- **Exercise goal**
Print exactly the lines of the listing below from the one containing "冀教版英语（三起）五年级上册" through the final line, both included, and no pictures.

-------- Data extracts --------

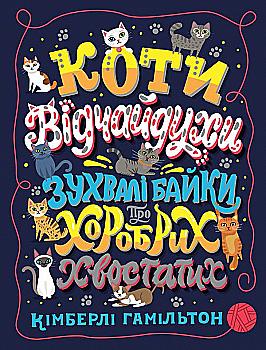 Книга "Коти-відчайдухи. Зухвалі байки про хоробрих хвостатих" (у) (3922) Книга "Коти-відчайдухи. Зухвалі байки про хоробрих хвостатих" (у) (3922)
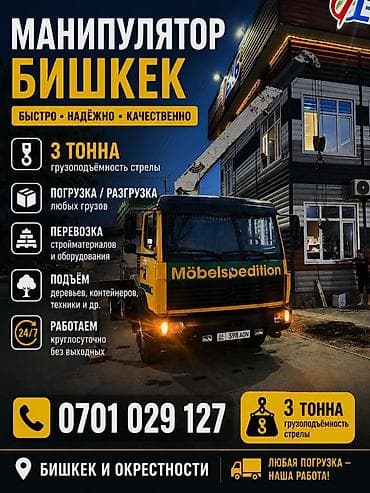 экскаватор на час: Манипулятор — Бишкек и окрестности - Грузоподъёмность стрелы: 3 тонны — 1
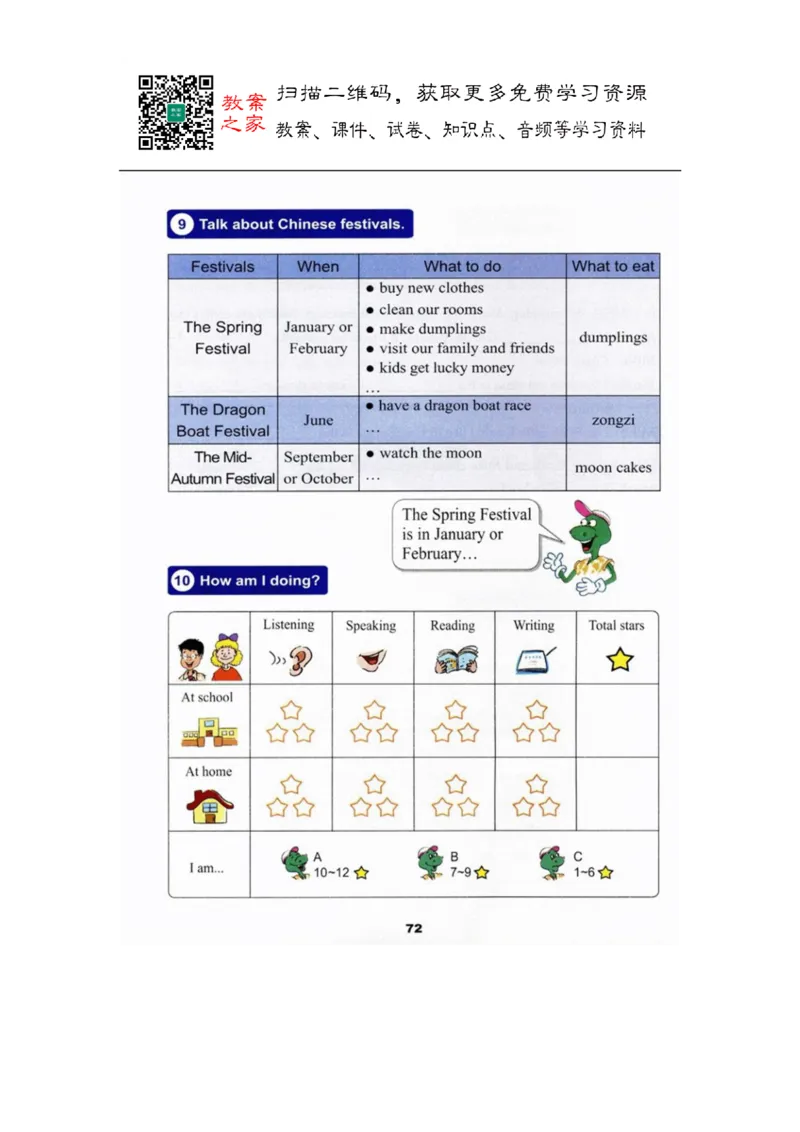 冀教版英语（三起）五年级上册电子课本_电子课本_小学电子课本_03英语_新建文件夹_05冀教版_三年级起点_上册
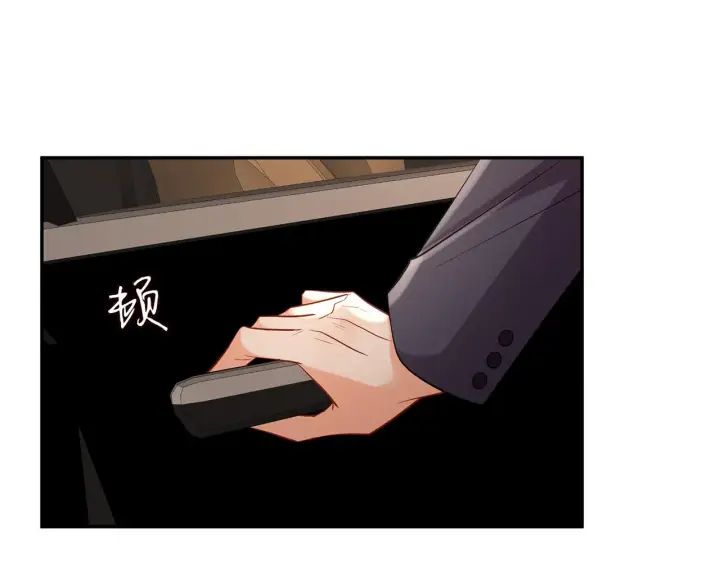 漫画《名门挚爱》第395 俞霏烟现身？第54张图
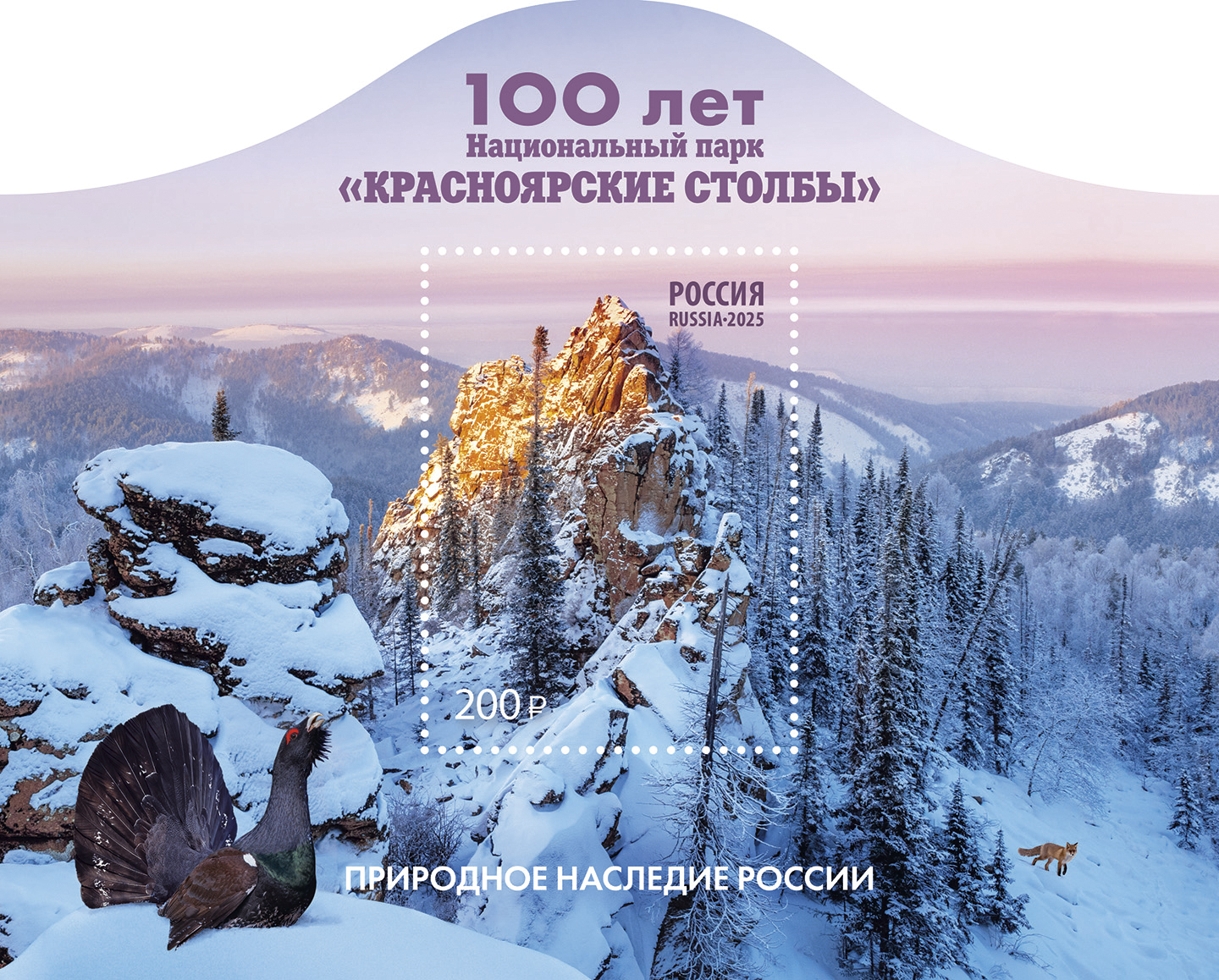 Россия 2025 г. № 3443. 100 лет Национальному парку 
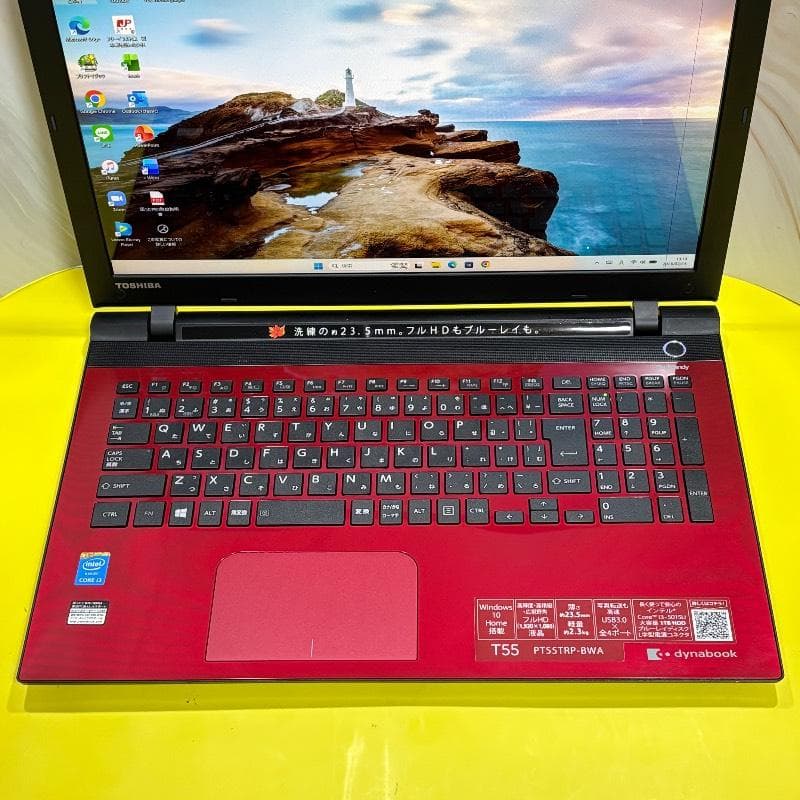 ジャンク価格★美品✨東芝✨SSD win11ノートPC カメラ オフィスエクセル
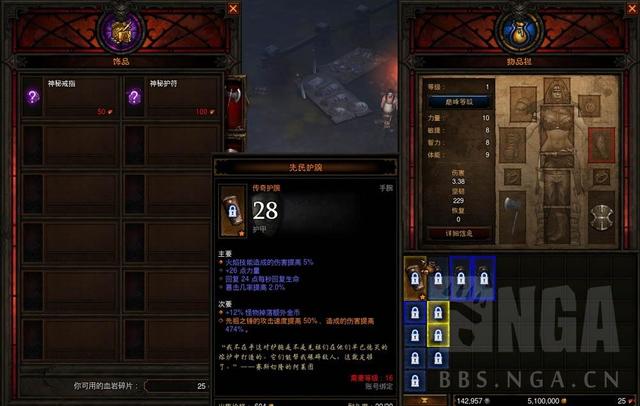 暗黑3:新賽季如何必出神裝自強開荒完成1-70六件套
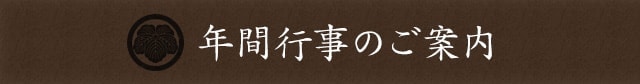 年間行事のご案内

--------

- **Solution for this problem**
 冀教版英语（三起）五年级上册电子课本_电子课本_小学电子课本_03英语_新建文件夹_05冀教版_三年级起点_上册
 漫画《名门挚爱》第395 俞霏烟现身？第54张图
 Россия 2025 г. № 3443. 100 лет Национальному парку 
 ジャンク価格★美品✨東芝✨SSD win11ノートPC カメラ オフィスエクセル
 暗黑3:新賽季如何必出神裝自強開荒完成1-70六件套
 年間行事のご案内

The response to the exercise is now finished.